**Given data**

____

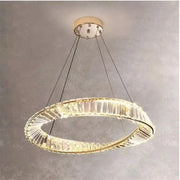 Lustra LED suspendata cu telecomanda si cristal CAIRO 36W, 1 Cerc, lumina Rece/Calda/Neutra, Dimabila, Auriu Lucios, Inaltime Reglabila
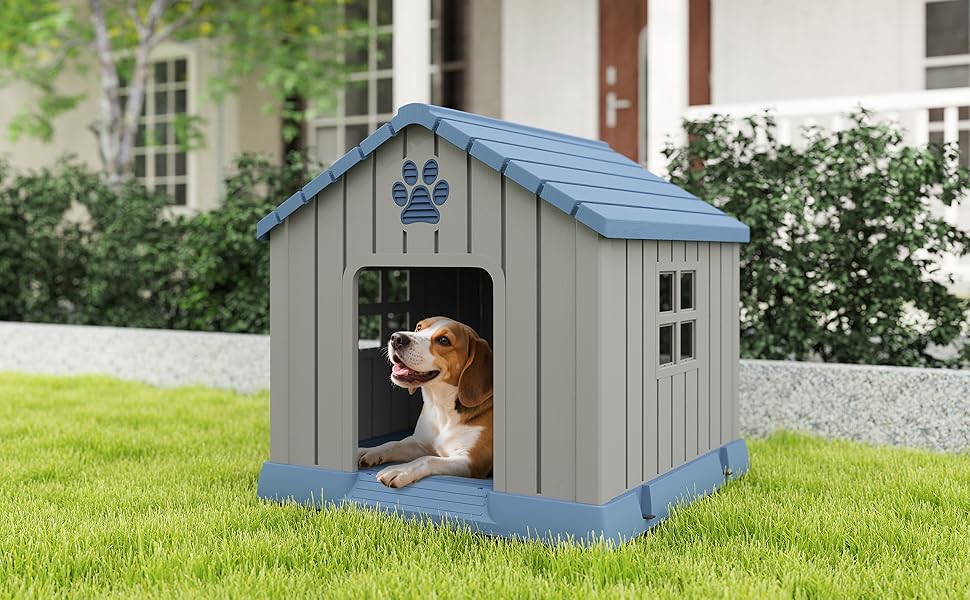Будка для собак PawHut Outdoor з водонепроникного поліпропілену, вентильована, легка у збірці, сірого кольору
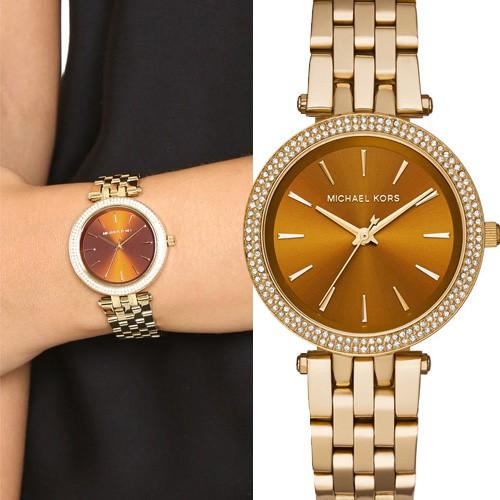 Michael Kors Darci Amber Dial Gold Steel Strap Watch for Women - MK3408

____

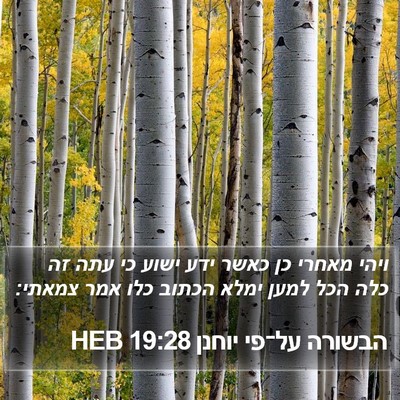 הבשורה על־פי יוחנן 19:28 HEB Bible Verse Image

____

**About this task**
What you write must match the listing exactly, from the line with "Lustra LED suspendata" up to and including the line with "Michael Kors Darci". Pictures stay out.

**Completed exercise**
 Lustra LED suspendata cu telecomanda si cristal CAIRO 36W, 1 Cerc, lumina Rece/Calda/Neutra, Dimabila, Auriu Lucios, Inaltime Reglabila
Будка для собак PawHut Outdoor з водонепроникного поліпропілену, вентильована, легка у збірці, сірого кольору
 Michael Kors Darci Amber Dial Gold Steel Strap Watch for Women - MK3408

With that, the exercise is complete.